Given $\lceil x−1 \rceil$, how can I compute $\lfloor x \rfloor$ without using $modulo$?

Question

I have $\lceil x \rceil = -\lfloor -x \rfloor$, but I can't figure out how to rely on this in order to get $\lfloor x \rfloor$ from $\lceil x−1 \rceil$.

For the record, I am only interested in non-negative real values.

I wish to avoid the use of $modulo$, $abs$, $round$ and $if$.

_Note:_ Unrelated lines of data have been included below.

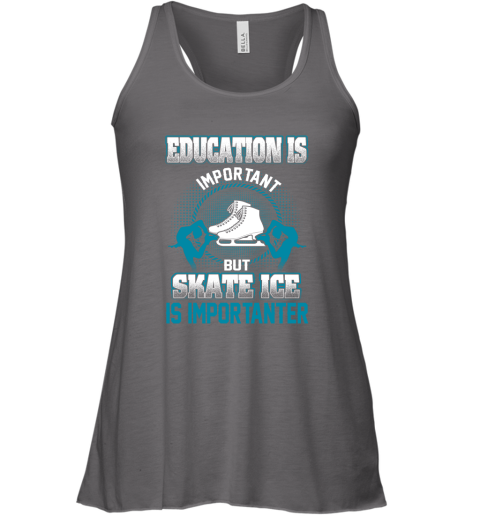 Education Is Important But Skate Ice Is Importanter Racerback Tank 5
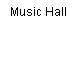 Music Hall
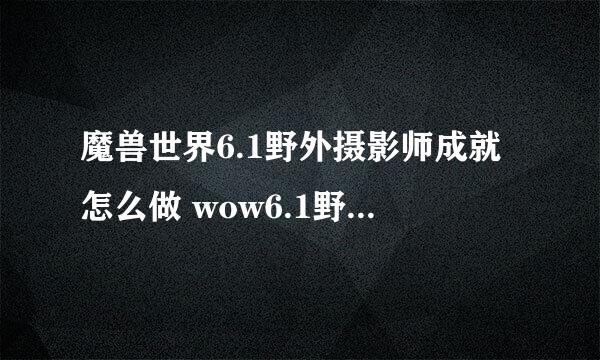 魔兽世界6.1野外摄影师成就怎么做 wow6.1野外摄影师成就完成攻略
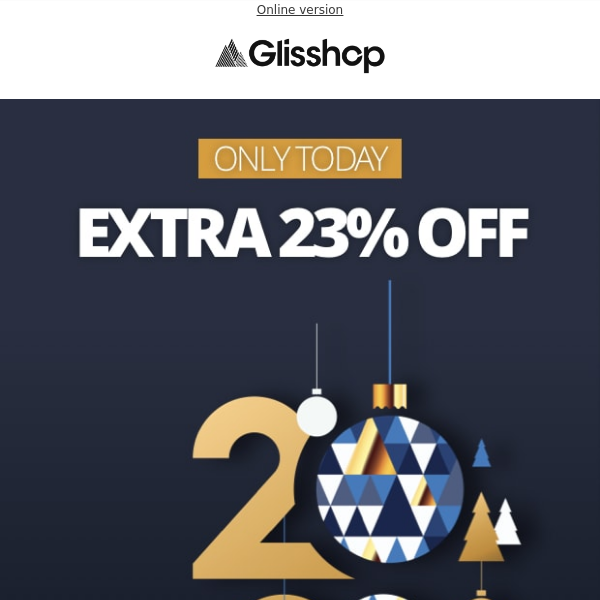 Happy new year 🎉 an additional 23 % off 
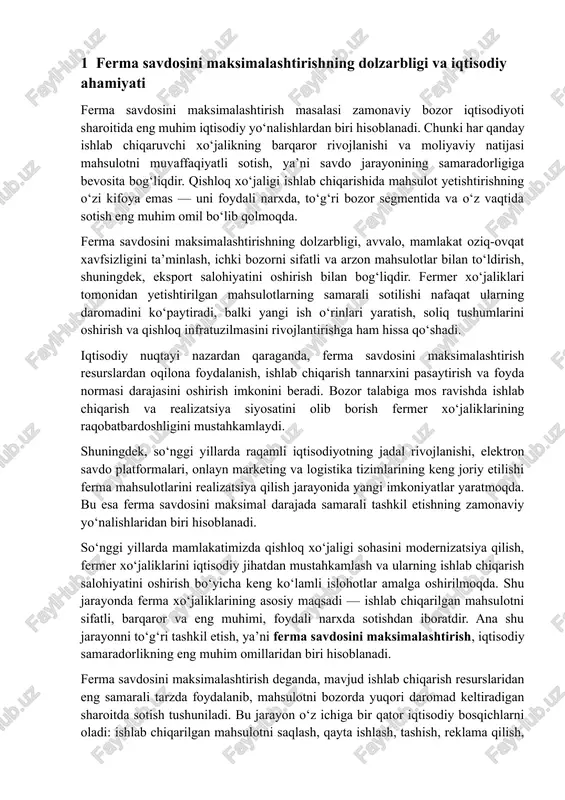‘g‘ri tashkil etish, ya’ni ferma savdosini maksimalashtirish, iqtisodiy samaradorlikning eng muhim omillaridan biri hisoblanadi. ferma savdosini maksimalashtirish deganda, mavjud ishlab chiqarish resurslaridan eng samarali tarzda foydalanib, mahsulotni bozorda yuqori daromad keltiradigan sharoitda sotish tushuniladi. bu jarayon o‘z ichiga bir qator iqtisodiy bosqichlarni oladi: ishlab chiqarilgan mahsulotni saqlash, qayta ishlash, tashish, reklama qilish, narx belgilash va sotuvni boshqarish. har bir bosqichning to‘g‘ri yo‘lga qo‘yilishi fermer xo‘jaligi daromadiga bevosita ta’sir ko‘rsatadi. ferma savdosining dolzarbligi, birinchi navbatda, bozor iqtisodiyoti qonuniyatlari bilan izohlanadi. har qanday ishlab chiqaruvchi mahsulotni foydali narxda sotishga intiladi. agar savdo jarayoni samarali tashkil etilmasa, ishlab chiqarish hajmi yuqori bo‘lsa ham, foyda kutilgan darajada bo‘lmaydi. shu bois, ishlab chiqarish bilan bir qatorda savdo siyosatini to‘g‘ri yo‘lga qo‘yish ham muhim ahamiyatga ega. ferma savdosini maksimalashtirishning iqtisodiy ahamiyati shundaki, u: · fermer xo‘jaliklarining moliyaviy barqarorligini ta’minlaydi; · mahsulot tannarxini pasaytirish va foydani oshirish imkonini beradi; · bozor talabiga mos ishlab chiqarish siyosatini shakllantiradi; …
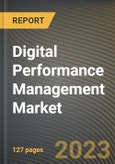 Digital Performance Management Market Research Report by Component, Deployment, Organization Size, End-User, State - Cumulative Impact of COVID-19, Russia Ukraine Conflict, and High Inflation - United States Forecast 2023-2030- Product Image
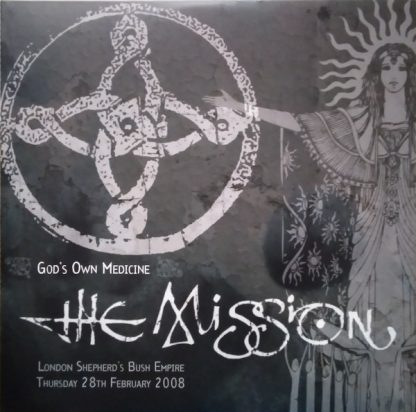 Mission – God's Own Medicine - London Shepherd's Bush Empire Thursday 28th February 2008 (Vinyl)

The motivation behind this question is as follows:

$$x-\frac{1}{2}-\frac{\arctan(\tan(\pi(x-\frac{1}{2})))}{\pi}=\lceil x-1 \rceil$$

How do I "manipulate" the value of $x$ in order to get $\lfloor x \rfloor$ instead of $\lceil x-1 \rceil$?

UPDATE:

I also have this if it helps:

$$x+\frac{1}{2}+\frac{\arctan(\tan(\pi(-x-\frac{1}{2})))}{\pi}=\lceil x \rceil$$

Answer 1

If $x\in\mathbb N$, $\lceil x-1 \rceil = x-1 = \lfloor x \rfloor - 1$, else $\lceil x-1\rceil = \lfloor x \rfloor$. Without additional information, this is impossible.

Answer 2

You know that $\lfloor x\rfloor=-\lceil-x\rceil$, so if you replace $x$ by $-x$ and multiply the equation by $-1$, you get $$x-\frac{1}{2}-\frac{\arctan(\tan(\pi(x-\frac{1}{2})))}{\pi}=-\lceil -x \rceil=\lfloor x\rfloor$$